_WORKING DATA_
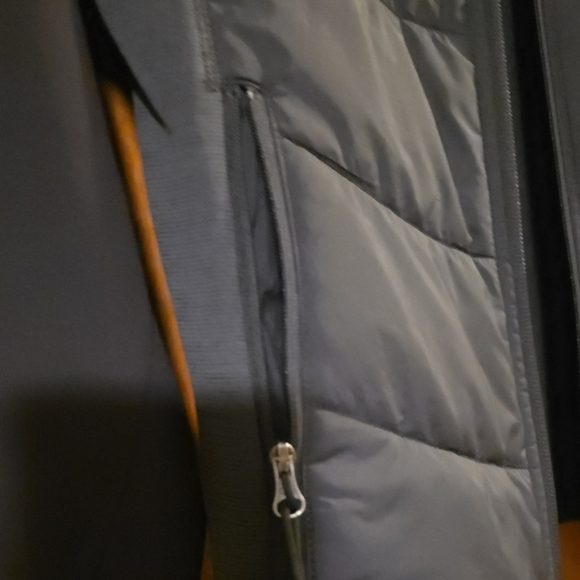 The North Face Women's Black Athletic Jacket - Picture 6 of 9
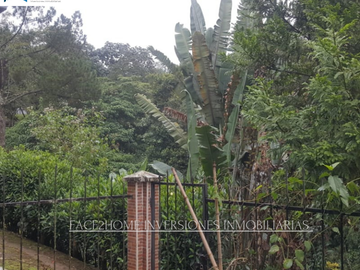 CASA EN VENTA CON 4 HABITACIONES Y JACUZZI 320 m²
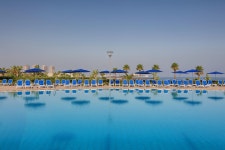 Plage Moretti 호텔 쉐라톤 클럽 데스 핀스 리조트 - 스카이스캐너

--

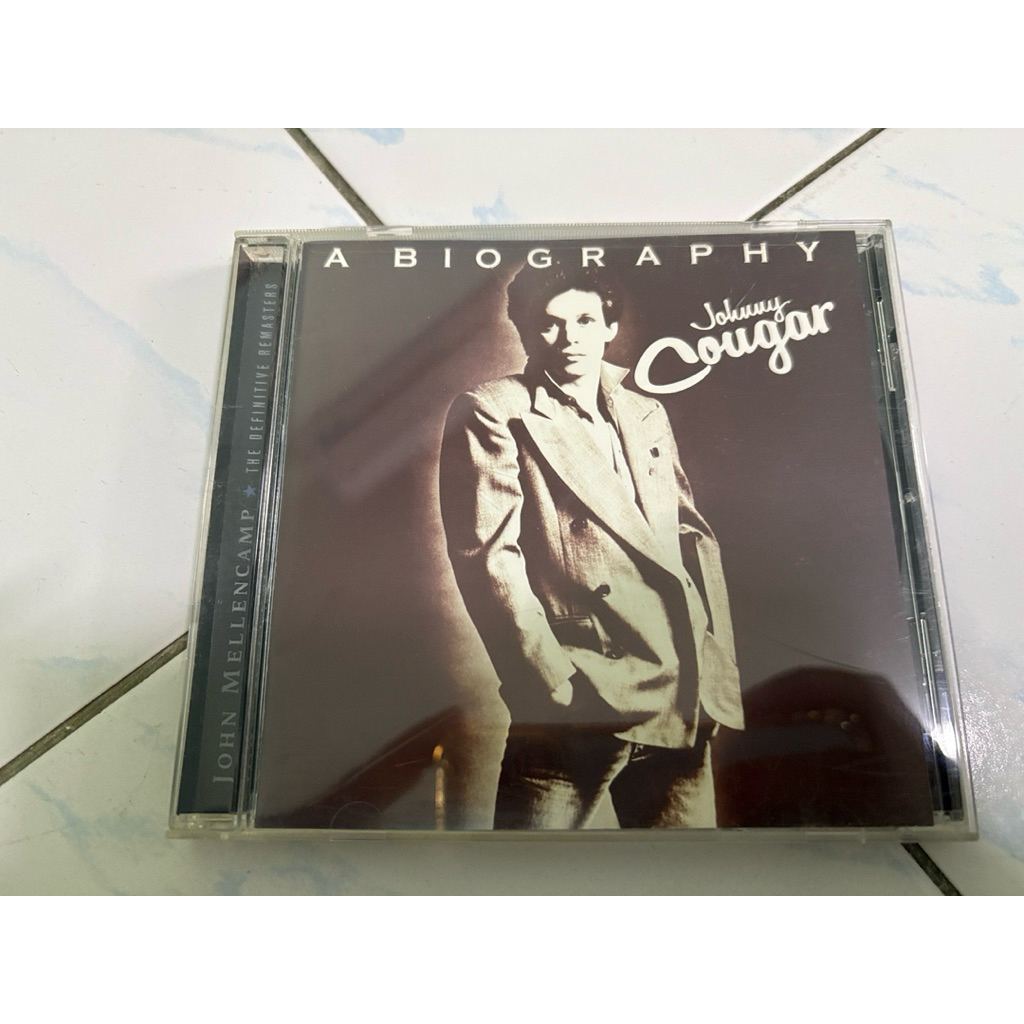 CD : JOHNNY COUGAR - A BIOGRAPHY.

--

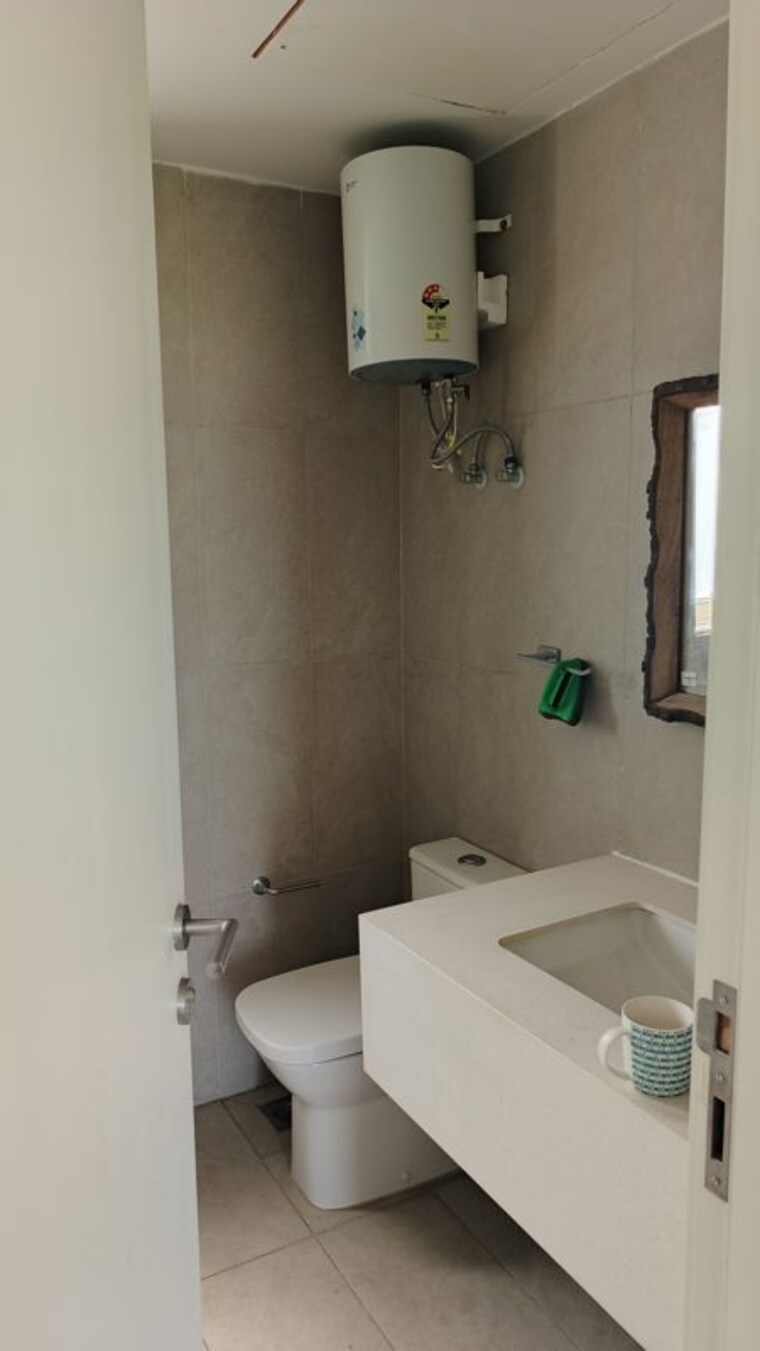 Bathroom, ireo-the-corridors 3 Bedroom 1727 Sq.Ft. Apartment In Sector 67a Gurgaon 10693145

_ACTION ITEM_
Text only, no pictures: please print exactly the lines above from the line with "The North Face" up to and including the line with "Plage Moretti 호텔 쉐라톤 클럽 데스 핀스 리조트 - 스카이스캐너", and nothing else.

_RESULT OF THE EXERCISE_
 The North Face Women's Black Athletic Jacket - Picture 6 of 9
 CASA EN VENTA CON 4 HABITACIONES Y JACUZZI 320 m²
 Plage Moretti 호텔 쉐라톤 클럽 데스 핀스 리조트 - 스카이스캐너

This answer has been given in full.